YOUR TASK >>
Copy out the final stretch of the listing: the line that contains "Maison Margiela Mens" and all lines after it, exactly as they appear.

RECORDED INFORMATION >>
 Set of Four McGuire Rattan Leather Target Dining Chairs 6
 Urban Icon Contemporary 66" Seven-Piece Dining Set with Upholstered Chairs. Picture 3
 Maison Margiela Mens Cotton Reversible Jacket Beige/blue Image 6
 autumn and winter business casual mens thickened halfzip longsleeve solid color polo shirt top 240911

ANSWER BOX >>
 Maison Margiela Mens Cotton Reversible Jacket Beige/blue Image 6
 autumn and winter business casual mens thickened halfzip longsleeve solid color polo shirt top 240911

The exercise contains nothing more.